Es el primero en llegar y el último en irse de la iglesia, pero ¿Qué hace mientras está allí?
Todo
está oscuro y en silencio. Todavía no ha llegado la gente. Se oyen unos pasos
que se acercan. Se abre la puerta de la iglesia. Es el sacristán que llega a
prepararlo todo, tempranito, como siempre.
Lo
primero que suele hacer al llegar es orar. Encomendar su jornada al Señor.
Luego
realiza las tareas más diversas. Coloca y prende las velas del altar, pone o
quita los floreros, prepara en la credenza el Misal y lo que se utilizará en la
celebración, instala y prende el micrófono, pone el Leccionario en el ambón y
lo deja listo en donde corresponde; pone en el atril la hojita de las
peticiones; prepara las vestiduras del sacerdote según el color que
corresponde.
También
sabe qué se necesita cuando hay Bautismos, Matrimonios, Primeras Comuniones, y
celebraciones especiales, como por ejemplo en Semana Santa, en las que hay que
cuidar muchísimos detalles.
Y
si hace falta, tiene la humildad de realizar lo que se necesite. Se acomide a
barrer; a recoger y ordenar las hojitas de Misa que deja la gente olvidadas; a
apagar y quitar las veladoras gastadas; a sacudir bancas y reclinatorios, y
hasta a despegar chicles que algunos maleducados rumiantes dejaron pegados en
la parte de abajo de sus asientos.
Cuando
llega el celebrante, lo ayuda a revestirse. Y durante la celebración, se
mantiene atento, por si le toca sostenerle el libro, ayudarlo en algo o
resolver algún imprevisto, como cambiar a toda prisa la pila al micrófono, ir
corriendo a traer algo que hace falta, ajustar el equipo de sonido o de
iluminación. Y quién sabe cómo se las ingenia, pero siempre encuentra la
solución.
El
sacristán sabe dónde está todo, en qué mueble, en qué estante, junto a qué o
debajo de qué; conoce cada rincón de la sacristía como la palma de su mano.

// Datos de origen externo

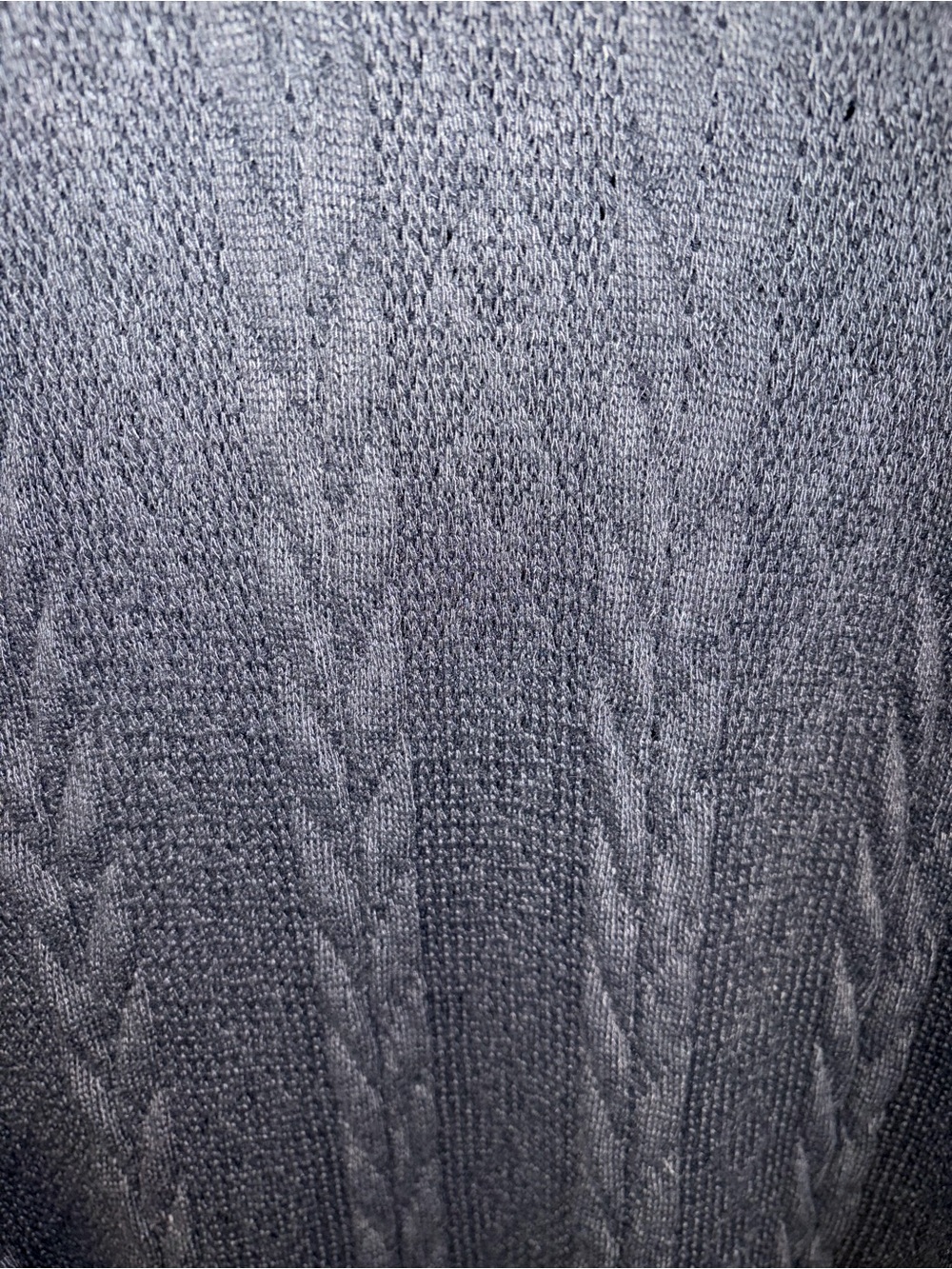 Doe & Rae Women's Cable Knit Crewneck Sweater - Gray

Entiende lo que es un ‘acetre’, un ‘turiferario’, una ‘píxide’, un ‘corporal’,
nombres que la mayoría de la gente desconoce porque suele usar otros (como el
‘casito’ de agua bendita, el ‘chunche’ del incienso, el copón, el mantelito
almidonado…).
Llega
a tener tal compenetración con su párroco, que basta que éste le haga un ligero
gesto, una mirada, una pequeña inclinación de cabeza, y capta al instante lo
que necesita y se apresura a traérselo. Parecería que le leyera el pensamiento.

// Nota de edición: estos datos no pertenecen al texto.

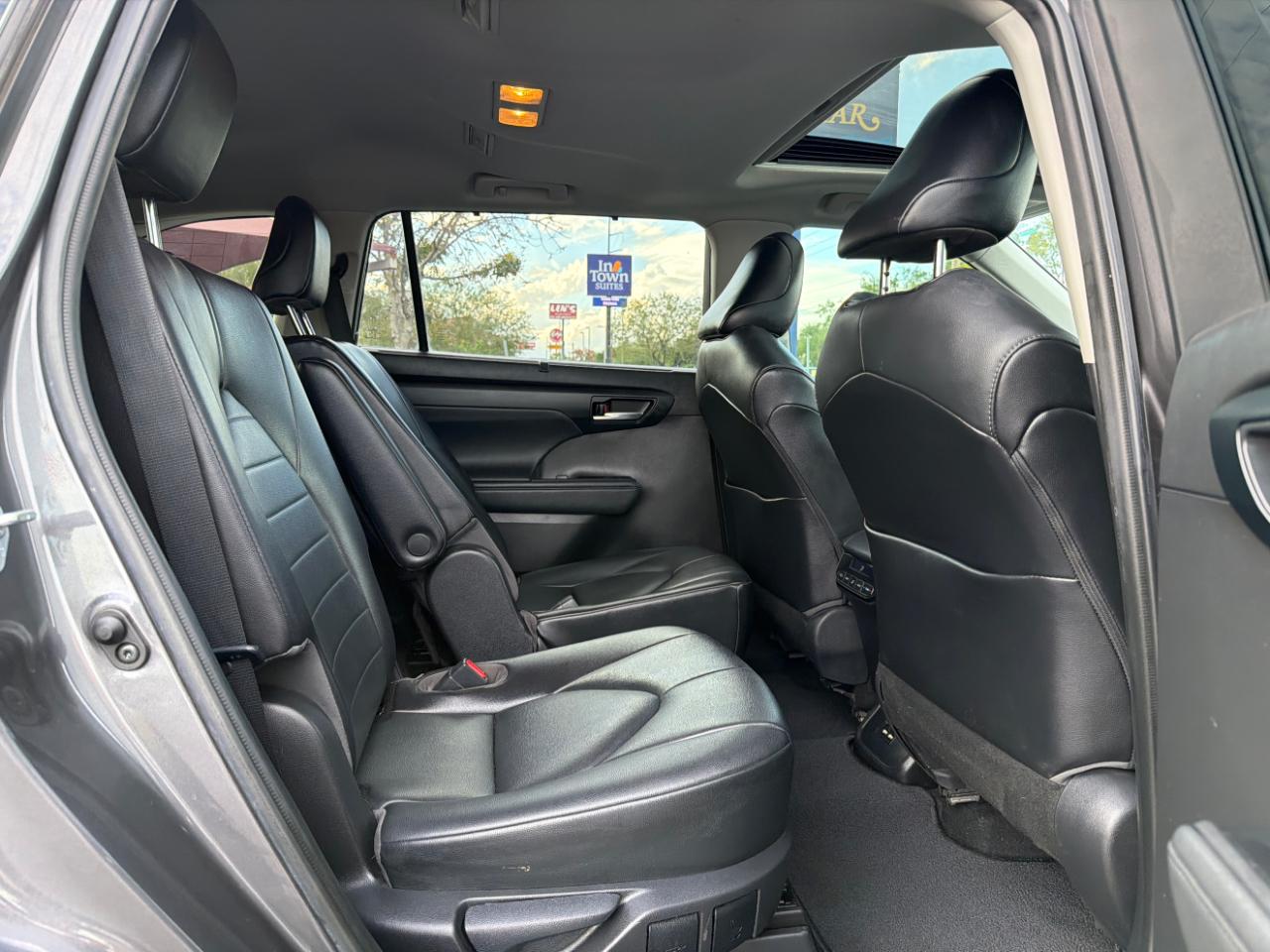 Toyota Highlander XLE AWD V6 2021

Y si trabaja en una iglesia en la que hay varios sacerdotes, asume sin chistar
el reto constante de adaptarse a lo que pide cada uno para tener siempre listo
lo que pueda solicitarle.
Otra
gran virtud del sacristán es la paciencia, que ejerce constantemente para
tratar con afabilidad a toda la gente, que no siempre es amable ni prudente.
Cuando
termina la Misa, los feligreses y el padre se van, pero el sacristán se queda,
y va y viene, va y viene, atareado, regresando a la sacristía lo empleado en la
celebración. Lo guarda todo, y deja preparado lo que se utilizará al día
siguiente. Extingue la llama de las velas. Cierra las ventanas. Verifica que no
quede nadie. Echa un último vistazo para asegurarse de dejar las cosas en
orden; hace una breve oración para agradecerle su jornada a Jesús, y apaga la
luz.
Todo
queda oscuro y en silencio. Ya se ha ido toda la gente. Se oyen unos pasos que
se alejan. Se cierra la puerta de la iglesia. Es el sacristán que se va a
descansar, tarde, como siempre.
Recuadro
Pregunté
a un sacristán qué era lo que más le gustaba de su oficio. Sin pensarlo dos
veces respondió algo muy bello: “Poder servir a Dios y a mis hermanos”. Qué pena
que esos hermanos a los que sirve, o sea nosotros, no siempre apreciemos o
agradezcamos su abnegada labor. Los sacristanes no suelen recibir de los fieles
atenciones, felicitaciones. Alguno comentó entristecido: ‘nadie nos toma en
cuenta’. ¡Es hora de hacerles saber que valoramos su entrega!
Va
desde aquí un agradecido abrazo a Miguel Ángel, de la rectoría de san
Buenaventura; a Francisco Javier, Jorge, Juan y Gabriel, de la parroquia de san
Agustín de las Cuevas; y a todos los sacristanes de todas las capillas,
rectorías y parroquias que conocemos. Procurémoslos, y oremos diario por ellos.
Encomendémoslos
a san Abundio de Roma, santo sacristán de la Basílica de san Pedro, a quien la
Iglesia celebra cada 15 de abril. Y va con ello una propuesta: que en esa fecha
se instituya el ‘Día del Sacristán’, para expresarles nuestro reconocimiento y
gratitud y festejarlos.
Por
lo pronto, en tu nombre y en el mío, digámosles: ¡Gracias! ¡Que Dios recompense
su valioso servicio, y los siga colmando de dones y bendiciones!